Linguist Forum

Specializations => Computational Linguistics => Topic started by: zaba on March 12, 2014, 09:13:44 AM

Title: Why do speech-to-text projects not rely on phonology?
Post by: zaba on March 12, 2014, 09:13:44 AM
Most speech-to-text projects are based entirely on statistics, right? Isn't phonology more convenient?
Title: Re: Why do speech-to-text projects not rely on phonology?
Post by: MalFet on March 12, 2014, 09:27:49 AM
Phonology is the quintessential example of a gestalt effect. Designing algorithms to effectively recognize holistic forms turns out to be incredibly hard.

This fact is, ultimately, one of the better criticisms of computational theories of mind. Human minds and digital computers just seem to work...differently.
Title: Re: Why do speech-to-text projects not rely on phonology?
Post by: zaba on March 12, 2014, 10:27:27 AM
Wow, thanks.
Quote
Designing algorithms to effectively recognize holistic forms turns out to be incredibly hard.
Sure, I guess that sounds right. After all, there's a lot of phonology goin' on!

Quote
Phonology is the quintessential example of a gestalt effect.

Can you kindly elaborate on this with a sentence or two? I'm an ignoramus.
Title: Re: Why do speech-to-text projects not rely on phonology?
Post by: MalFet on March 12, 2014, 10:37:42 AM
Have you looked at the wikipedia page on gestalt? I'm happy to expand on that however I'm able, but starting from scratch I'll only do a worse job explaining things than any introductory blurb out there.
Title: Re: Why do speech-to-text projects not rely on phonology?
Post by: zaba on March 12, 2014, 10:40:39 AM
Do you think anything is lost in the process for lack of phonologists? How would things be different if there were phonologists?

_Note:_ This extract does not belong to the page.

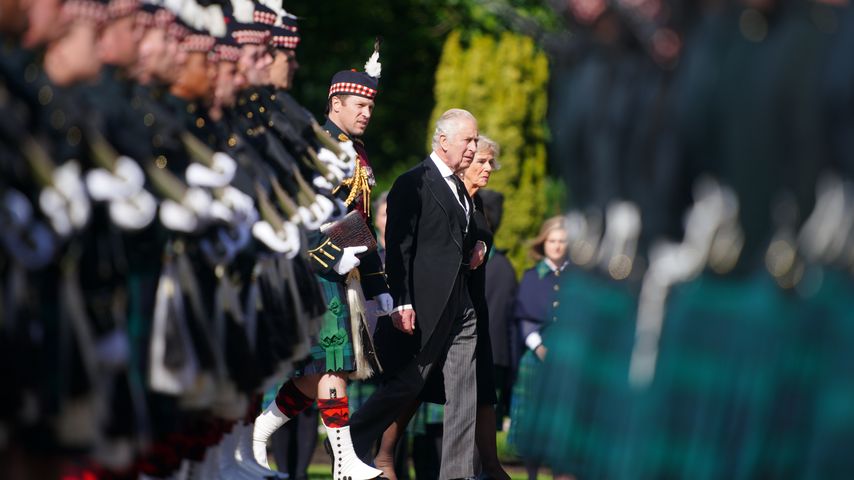 Trauerzug zum Gottesdienst: König Charles III. wirkt gefasst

In what way can I see the repercussion of the lack of phonologists on text-to-speech e.g. on siri?

Sorry to bombard you with these likely idiotic questions.
Title: Re: Why do speech-to-text projects not rely on phonology?
Post by: MalFet on March 12, 2014, 10:49:07 AM
If a computer had access to a proper phonology, it would understand natural speech as well humans do.
Title: Re: Why do speech-to-text projects not rely on phonology?
Post by: zaba on March 12, 2014, 12:39:07 PM
so with a proper model of phonetics <> phonology  interface, speech to text could be improved, if only theoretically so. IS that true?
Title: Re: Why do speech-to-text projects not rely on phonology?
Post by: lx on March 12, 2014, 01:12:06 PM
There are speech-to-text algorithms that don't use a phonological model, but many, many algorithms and processes do. When you employ any sort of language model, you restrict the domain of applicability significantly, and there is a hell of a lot of money to be made in a system that can be applied across multiple languages. Many algorithms rely on models and statistics from specific languages, but the idea is that you can plug in a hefty-enough corpus and draw the same statistics and have fairly comparable rates. Once you start putting in phonological information, you really do become language-specific and that is less desirable when you want your algorithm(s) to be utilisable across a broad spectrum, but it's still a very popular approach. I would have to take issue with the fact that phonological modelling in speech-to-text is as rare as your first post made it out to be.
Title: Re: Why do speech-to-text projects not rely on phonology?
Post by: jkpate on March 12, 2014, 06:25:22 PM
Basing a system on statistics is not exclusive to taking advantage of phonological facts. If "using phonology" means "using optimality theory constraints" or "using generative rules" then you are right that ASR systems, as far as I know, don't "use phonology." But if you mean the identification of relevant phonological features from data or learning facts about assimilation, then ASR systems do use phonology.
Title: Re: Why do speech-to-text projects not rely on phonology?
Post by: MalFet on March 12, 2014, 10:29:28 PM
Right, that's an important distinction. If the term phonology is used broadly to just mean something like "category", then certainly speech recognition uses something along these lines. I'd hesitate to consider phonology to include nothing more specific than category, though.

I'd be curious, though...are there any systems that actually model full phonological systems, including things like allophony and underspecification? That seems very cumbersome for little payoff, but I'd be delighted to learn that some algorithm out there was actually trying to mimic human (rather than computer) perceptual qualities.